Final project description
=========================

Each `team <https://docs.google.com/spreadsheets/d/
1dp7pSRHX8XXkAaTYJxhulDnp_VokA3b3SUoc4XAfc3s/edit#gid=0>`__
is to work with the corresponding folder:

- 22FPL1 team 1 - axmatova
- 22FPL1 team 2 - balmont
- 22FPL1 team 3 - blok
- 22FPL1 team 4 - bunin
- 22FPL1 team 5 - cvetaeva
- 22FPL2 team 1 - mandelstamm
- 22FPL2 team 2 - moritz
- 22FPL2 team 3 - pasternak
- 22FPL2 team 4 - silverage

All the files from the folder are to be joint into one ``.txt`` file
and then processed using UDPipe.

The resulting ``.conllu`` file is to be opened in a text editor
and then copied to an ``.xlsx`` file. To work with the file you will
need the following columns in the table:

- token number
- token
- lemma
- part of speech
- morphological characteristics

Please delete all the remaining columns provided by UDPipe and add three new columns:

- comments to POS tags
- comments to characteristics
- comments to tokens

Using the ``.conllu`` file you are supposed to make up the word frequency dictionary.
Once it is ready, you are welcome to work with the least popular word forms
to find the **mistakes in tokenization** made by UDPipe. If any of the word forms turn out
to be words joint with punctuation marks or words divided into tokens, you are supposed
to correct the mistakes in the ``.conllu`` file and write comments
in the “comments to tokens” column in the ``.xlsx`` file.

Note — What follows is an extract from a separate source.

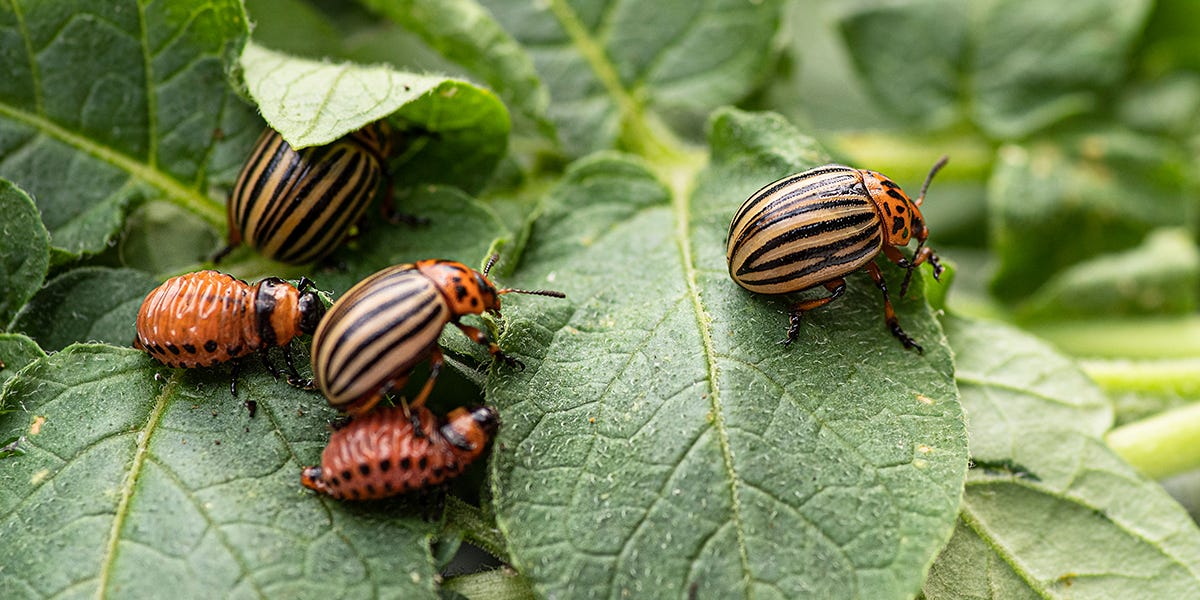 How to Get Rid of Potato Bugs In Your Garden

Next comes checking the table for mistakes in morphological annotation made by UDPipe.
Whenever you come across any mistakes in either POS tags or characteristics,
you are welcome to fill in the corresponding column with the comment in the ``.xlsx`` file
and make corrections in the ``.conllu`` file. When making judgements as to the **mistakes
in morphological annotation**, you are welcome to use the following sources:

1. `UD POS tags <https://universaldependencies.org/u/pos/all.html>`__.
2. `UD POS features <https://universaldependencies.org/u/feat/index.html>`__.
3. `UD Russian POS tags and features
<https://universaldependencies.org/treebanks/ru_gsd/index.html>`__.
4. Dictionaries of the Russian language containing morphological information.

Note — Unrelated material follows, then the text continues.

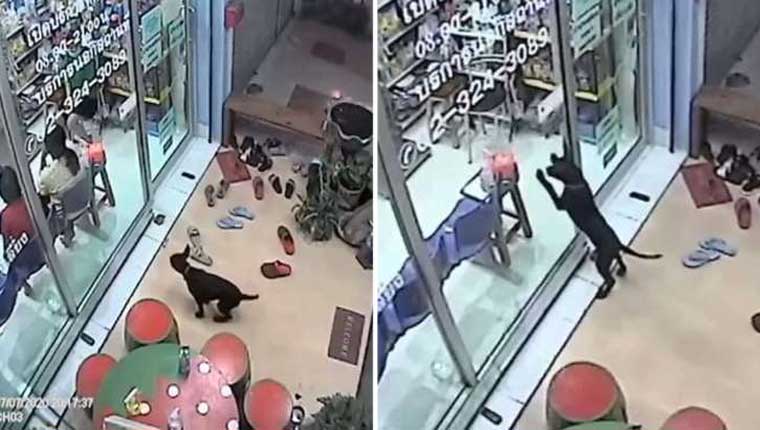 Filhote perdido foi a clínica que o vacinou e pediu ajuda para voltar para casa
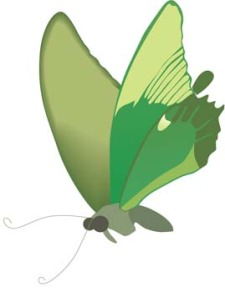 free vector Butterfly Vector 23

Please do not forget to refer to the sources you use in the comments.
You are supposed to stop working with the ``.conllu`` file and ``.xlsx`` file
and send them to Klimova Margarita Andreevna together with the frequency dictionary
in the ``.xlsx`` format by **16 June**.

Klimova Margarita Andreevna will check your comments and corrections
and suggest improvements, if any.

.. note:: Correctness of the ``.conllu`` file will be checked with a script
taken from the repository with code from the `Technical Track
<https://github.com/fipl-hse/2023-2-level-ctlr/blob/main/
admin_utils/final_project/checker.py>`__. You can also use it
to check the ``.conllu`` file: run it locally and then,
if it does not fail, send it to Klimova Margarita Andreevna.

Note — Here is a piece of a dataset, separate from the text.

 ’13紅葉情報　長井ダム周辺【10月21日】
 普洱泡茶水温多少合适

This script can be run from PyCharm or PowerShell from a root of the project,
like this: ``python admin_utils/final_project/checker.py PATH_TO_FILE``.
Your forks should contain this script already, so pull and use, otherwise,
type to the chat and ask assistants.

For example, you have file ``final.conllu``, place it in ``data`` folder:

.. code:: bash

|-- 2023-2-level-ctrl
|-- data
|-- final.conllu

Then you can run the checker script with (do not forget to activate
environment and update ``PYTHONPATH``):

.. code:: bash

python admin_utils/final_project/checker.py data/final.conllu

Meanwhile your task will be to prepare the **exam presentation**,
which should include a report of the mistakes in tokenization
and morphological annotation you came across - both a quantitative
and qualitative (typology of mistakes, possible reasons for them) analysis.
Time limit - 7 minutes.

The presentation is to be delivered at the exam. Assessment criteria:

1. The proportion of the identified mistakes;
2. The quality of their analysis in the comments section of the table and in the presentation;
3. The precision of corrections made in the .conllu file;
4. Following the time limit;
5. The quality of the oral presentation
(text learnt by heart, fluency and intelligibility of speech);
6. The quality of the computer presentation;
7. The quality of answers to follow-up questions.

.. attention:: The mark you get as a result will have a coefficient of 0,8.
The remaining 20% of the exam mark belongs to the mark
for working with КрякваБот.